**Given data**
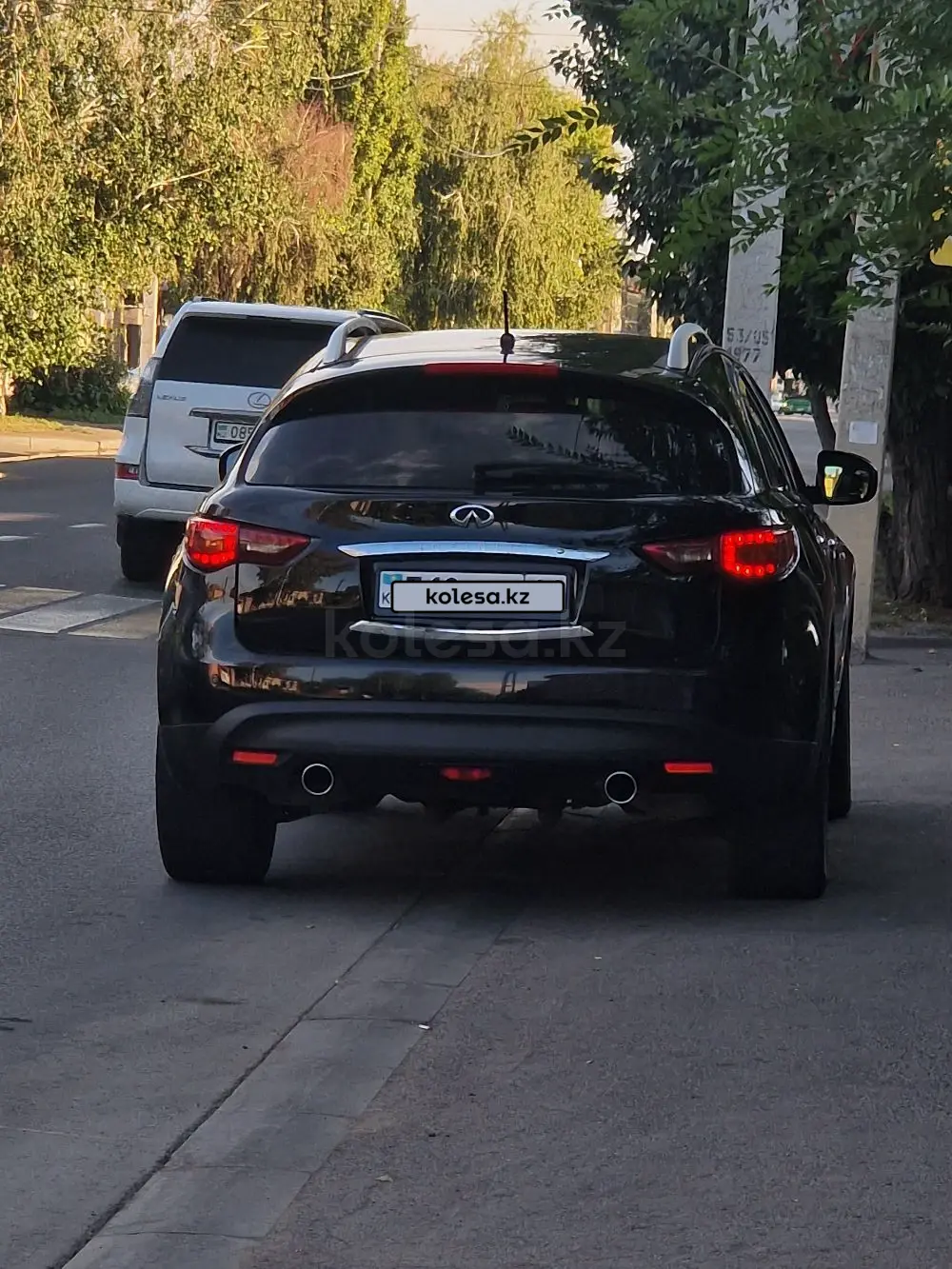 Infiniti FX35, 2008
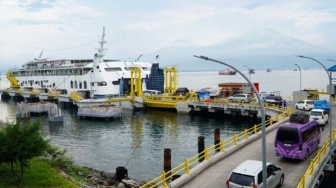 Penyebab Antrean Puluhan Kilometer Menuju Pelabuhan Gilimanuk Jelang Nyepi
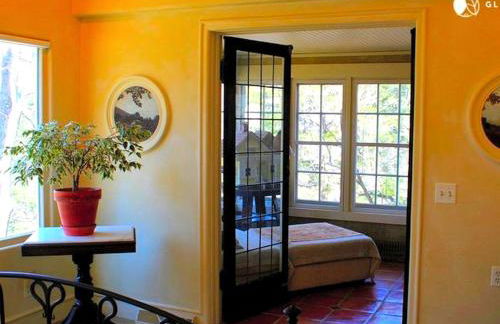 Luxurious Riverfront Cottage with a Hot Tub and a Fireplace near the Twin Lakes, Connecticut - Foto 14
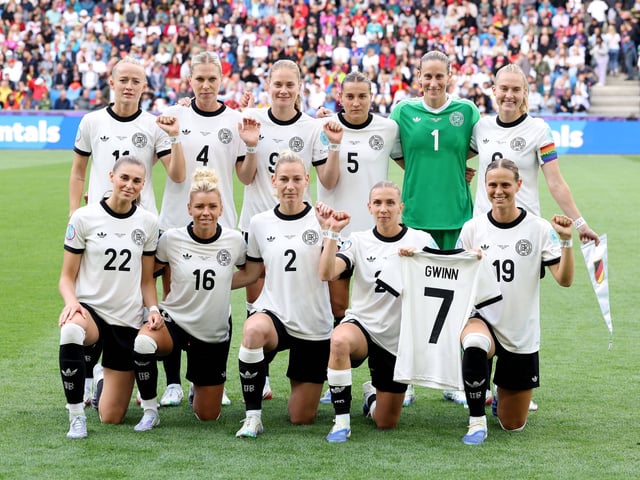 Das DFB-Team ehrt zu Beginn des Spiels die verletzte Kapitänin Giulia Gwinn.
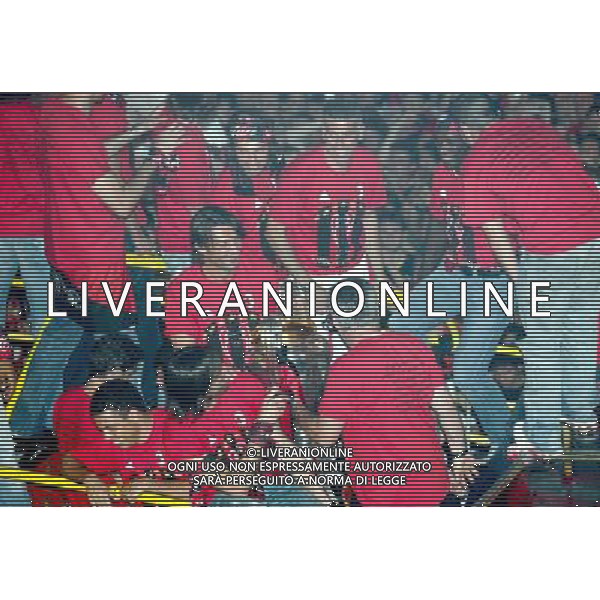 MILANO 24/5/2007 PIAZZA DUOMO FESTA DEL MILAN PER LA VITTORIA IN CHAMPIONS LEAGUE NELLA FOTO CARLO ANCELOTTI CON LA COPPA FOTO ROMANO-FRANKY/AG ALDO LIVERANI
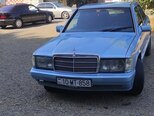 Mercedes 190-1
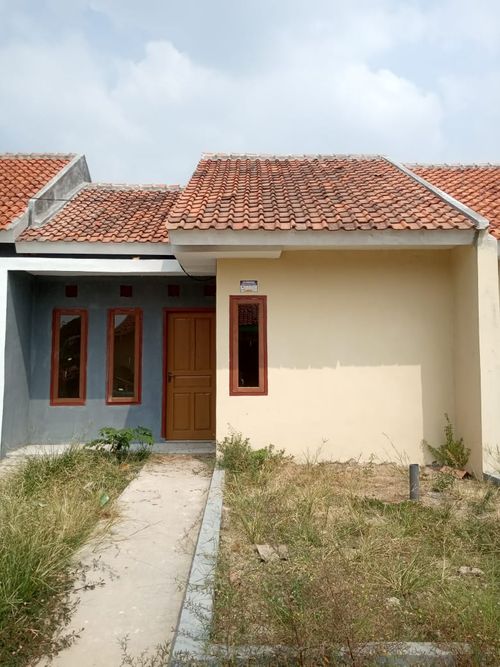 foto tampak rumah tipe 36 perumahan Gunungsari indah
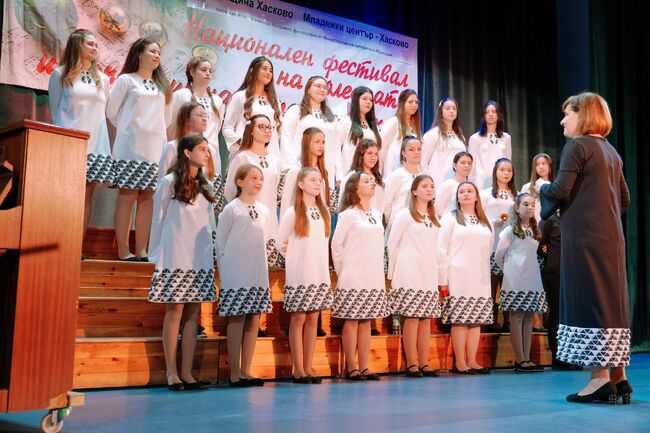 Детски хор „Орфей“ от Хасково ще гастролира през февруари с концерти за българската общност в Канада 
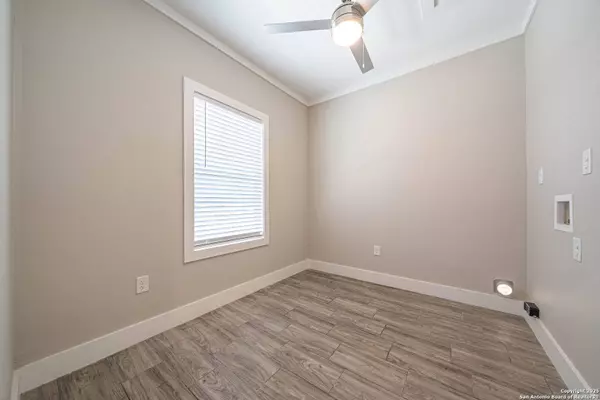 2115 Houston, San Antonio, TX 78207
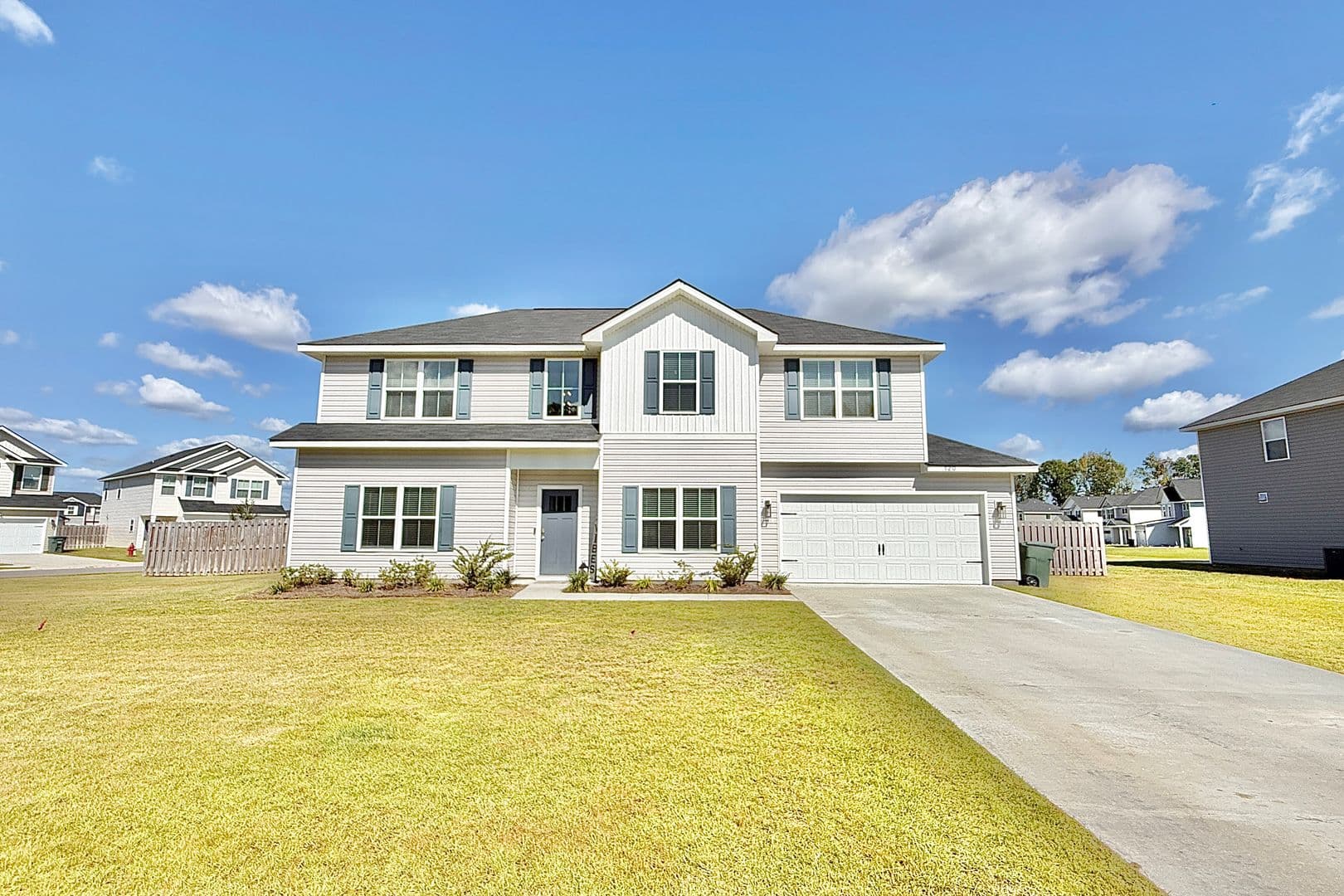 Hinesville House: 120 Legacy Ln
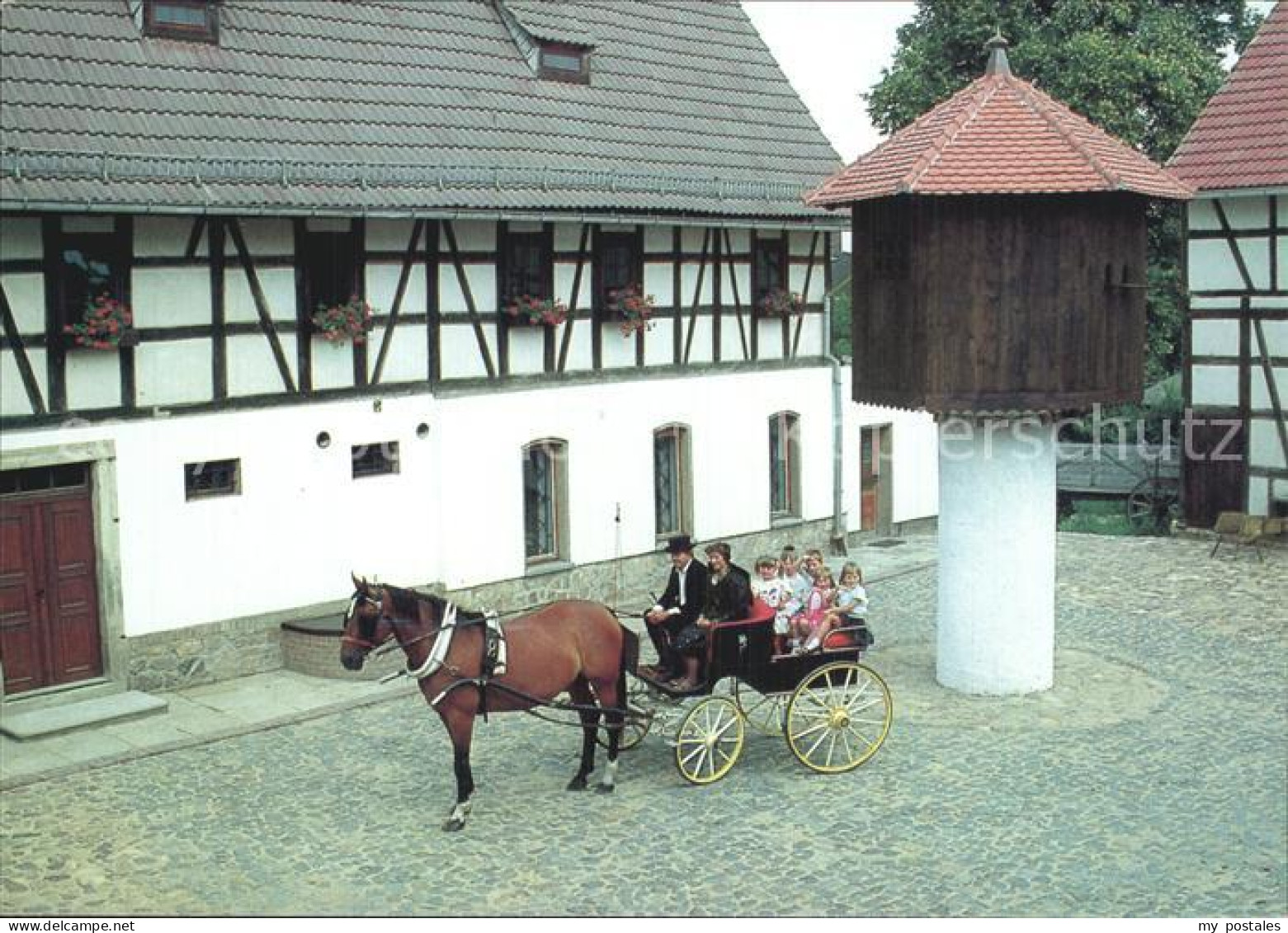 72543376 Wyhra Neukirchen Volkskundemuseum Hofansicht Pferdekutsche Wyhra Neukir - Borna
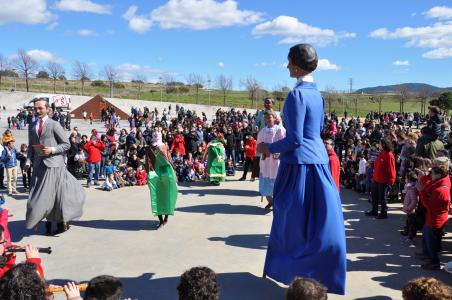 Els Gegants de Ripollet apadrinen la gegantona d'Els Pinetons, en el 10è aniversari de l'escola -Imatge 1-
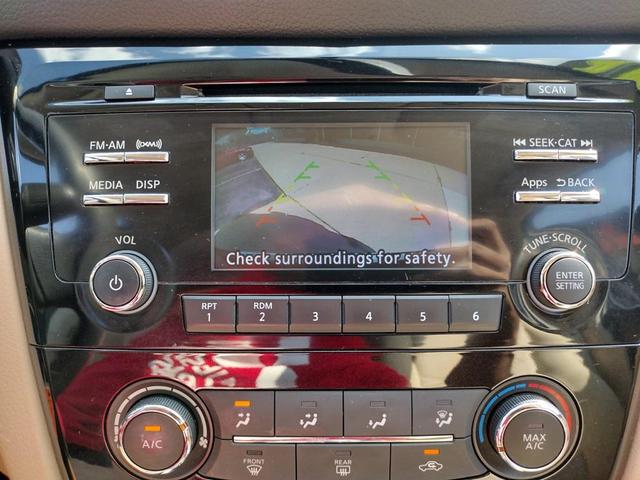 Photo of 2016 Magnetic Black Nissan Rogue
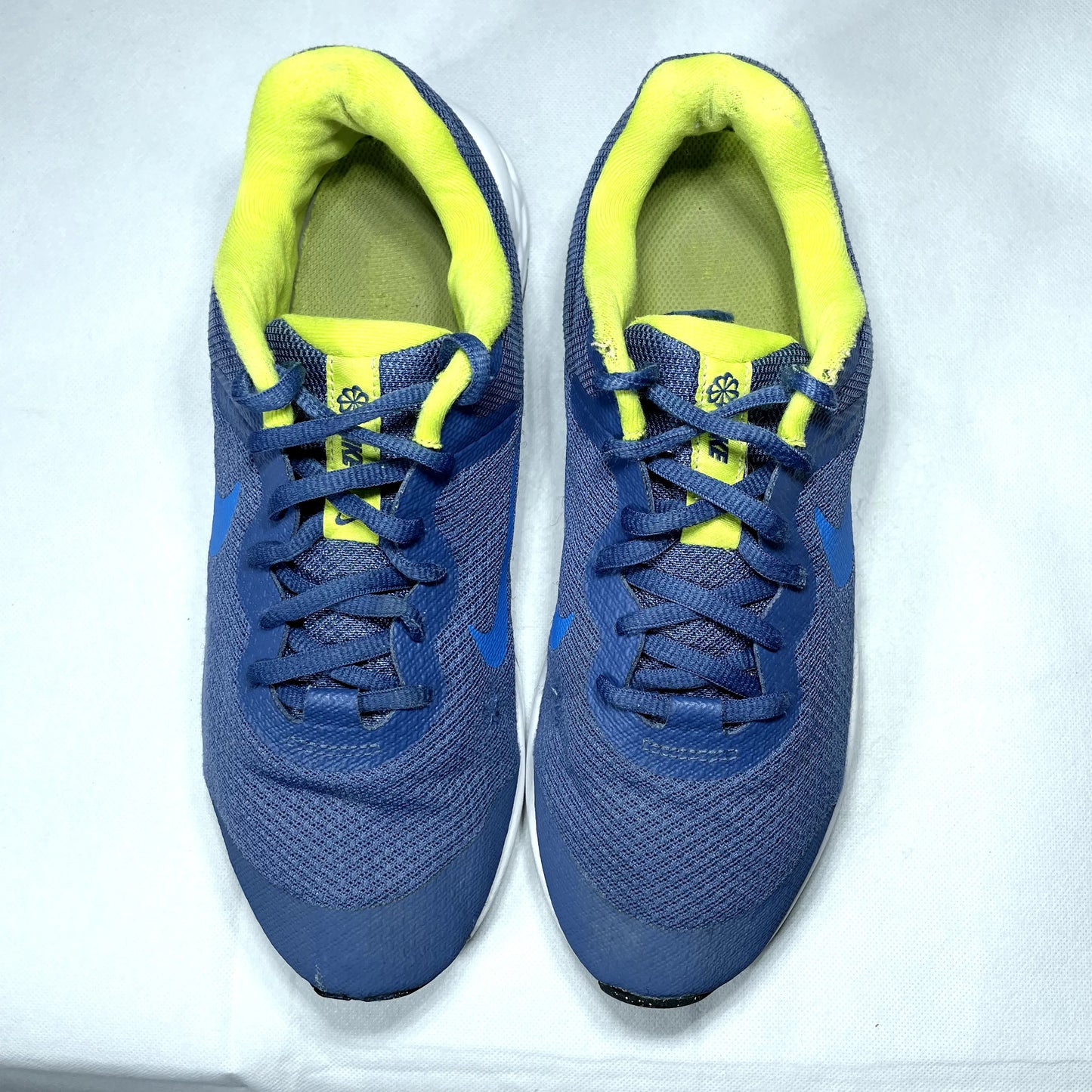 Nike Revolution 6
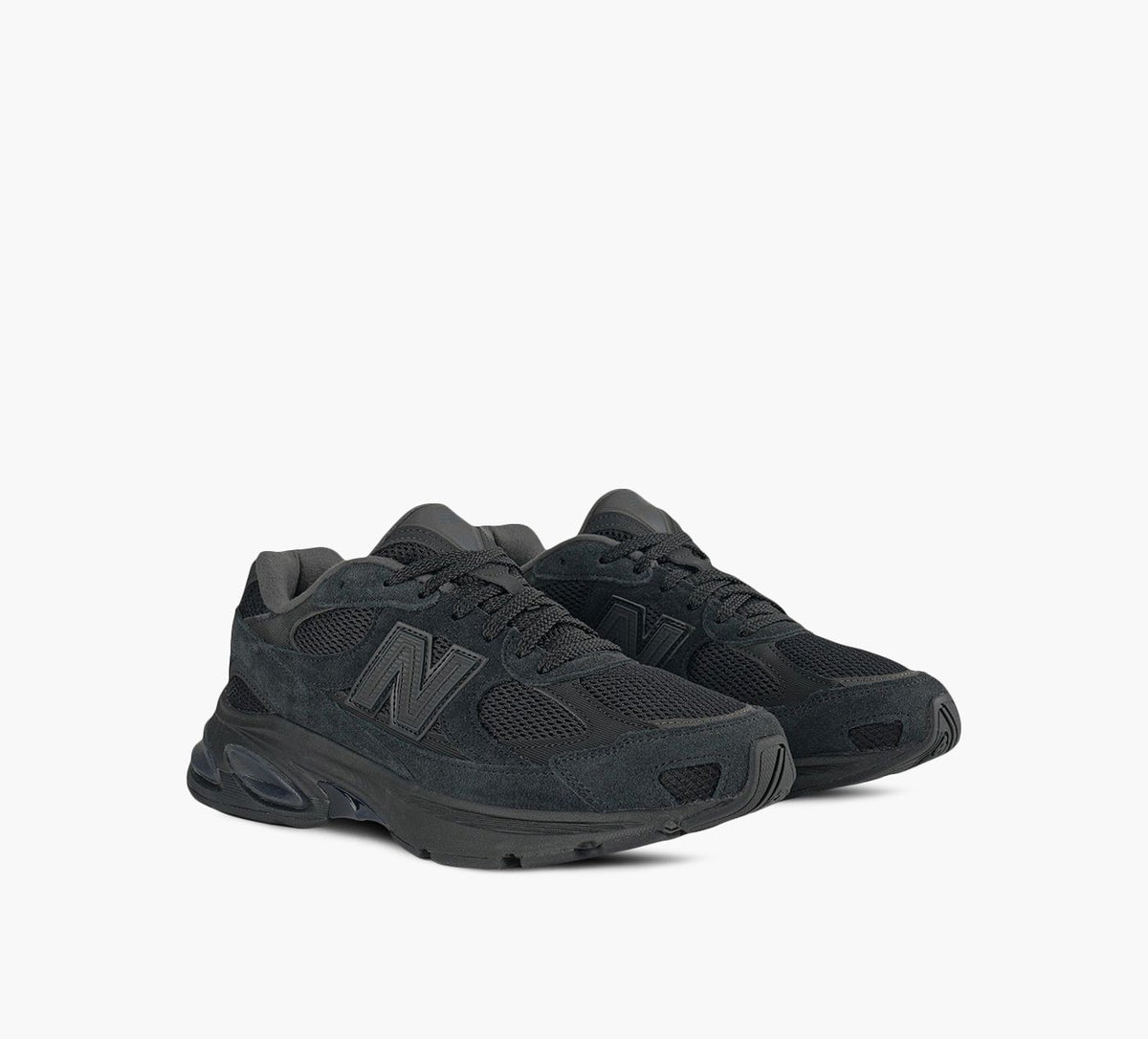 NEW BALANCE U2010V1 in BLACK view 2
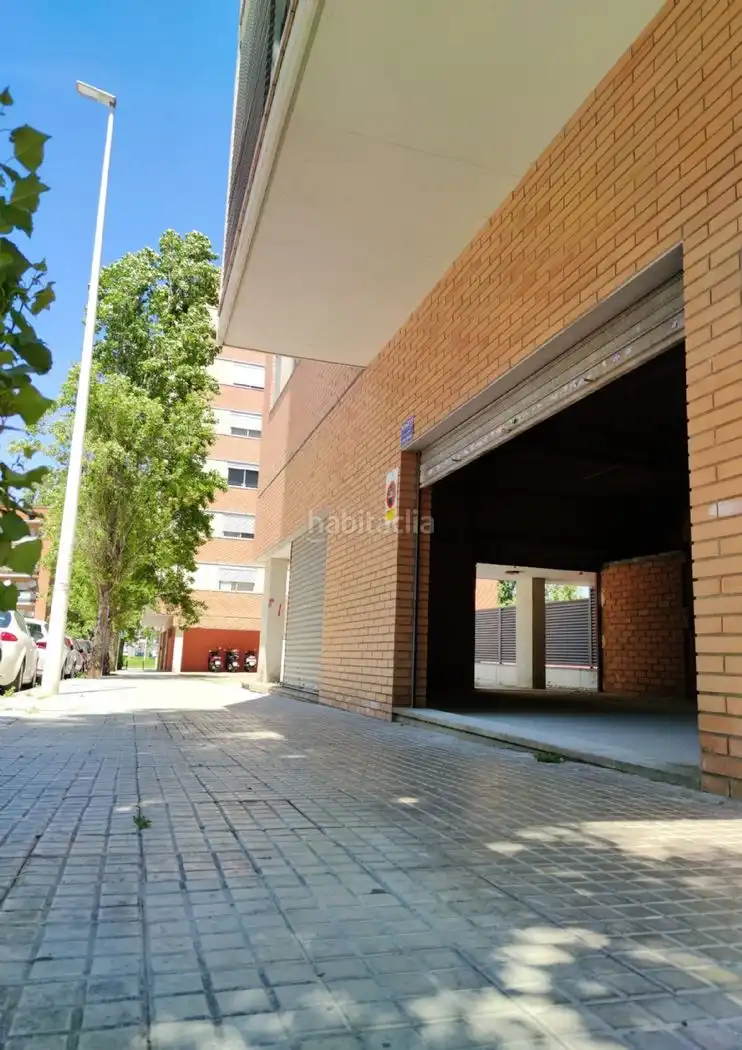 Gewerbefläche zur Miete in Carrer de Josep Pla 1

**Your instructions**
Return exactly the lines from the line with "Photo of 2016 Magnetic Black Nissan Rogue" through the last line of the data above, both included; pictures do not go in the answer.

**Answer for the task**
 Photo of 2016 Magnetic Black Nissan Rogue
 Nike Revolution 6
 NEW BALANCE U2010V1 in BLACK view 2
 Gewerbefläche zur Miete in Carrer de Josep Pla 1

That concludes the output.